Grit Blogs > Reluctant Rebels

Buried Bottles

Jack Fernard

Ever dig somewhere and discover a little glass bottle? Those things are everywhere! Most of the ones I find are shorter than a smart phone. Occasionally, I'll find a clear one, but a lot of them are brown — why brown? Stout and heavy, they lay hidden in the ground for who knows how long; a message bottle lost in the sea of time.

Buried Bottles

Where do they come from and why do I find them so often? Every now and then I'll find one that stirs my curiosity. It'll be oddly shaped or in pristine condition; unique in some fashion so that I have to show it off. People ask me what it is, to which I usually reply, "I don't know!"
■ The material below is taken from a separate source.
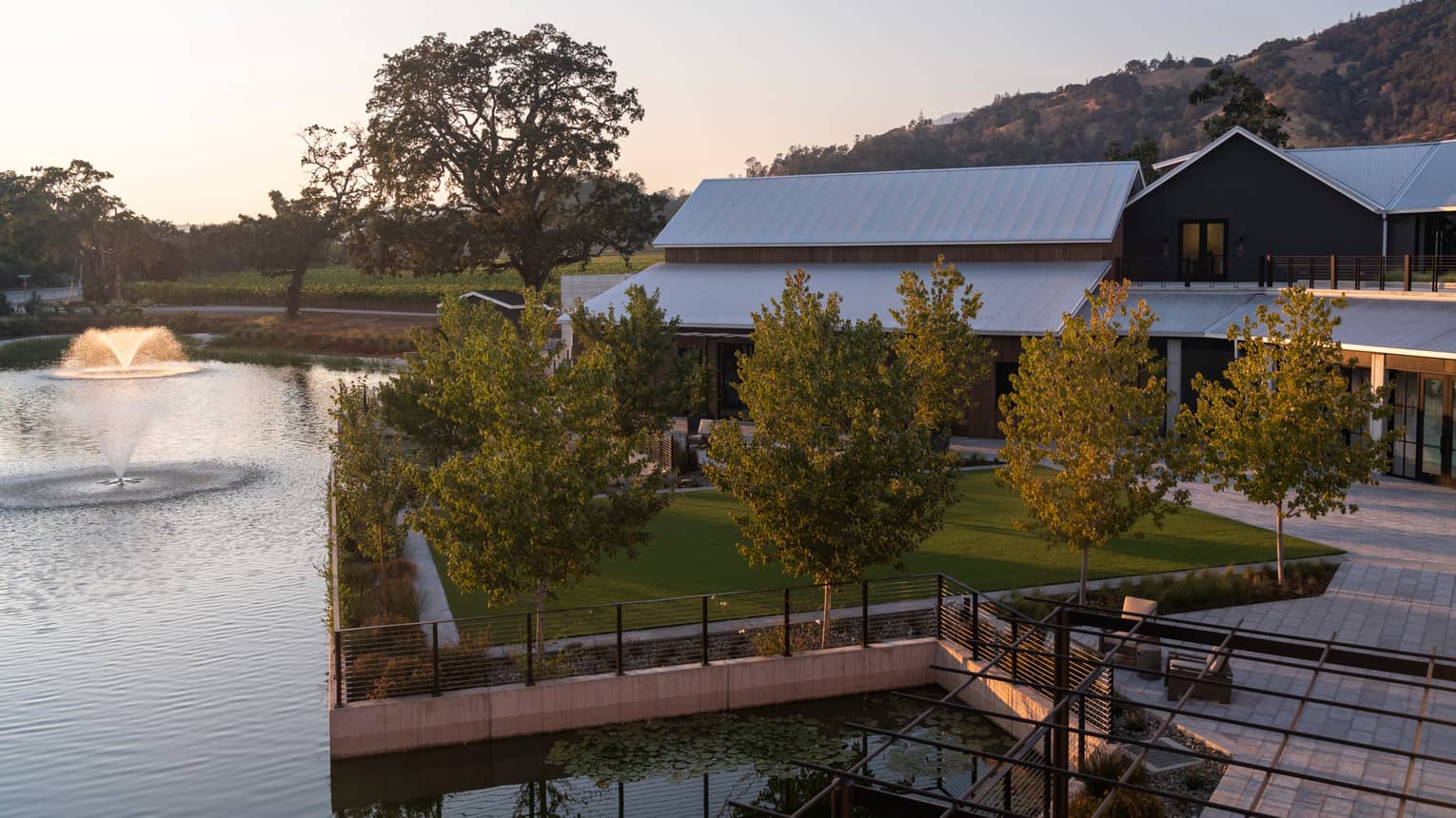 A spacious green lawn space surrounded by trees, a seating area and a lake with a fountain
After soaking it in the sink for a good clean, I'll swing by my trusty old-timer with my new treasure. It's fun to see the recognition in their eyes. "That's an old ink bottle," or "that's an old medicine bottle," they'll inform me, usually accompanied with a fond tale of a grandmother or grandfather long past.

I confess, I've spent far too much time looking at these translucent treasures, wondering about their story. If it was a medicine bottle, then did whoever take the medicine get better? What was the name of the company that manufactured it and who was the soul that worked to make it exist?

They really are amazing, these remnants of trash long discarded. Disposed by people who knew nothing of massive landfills or the term 'biodegradable', these little lost treasures are a reminder of who we were and where we came from.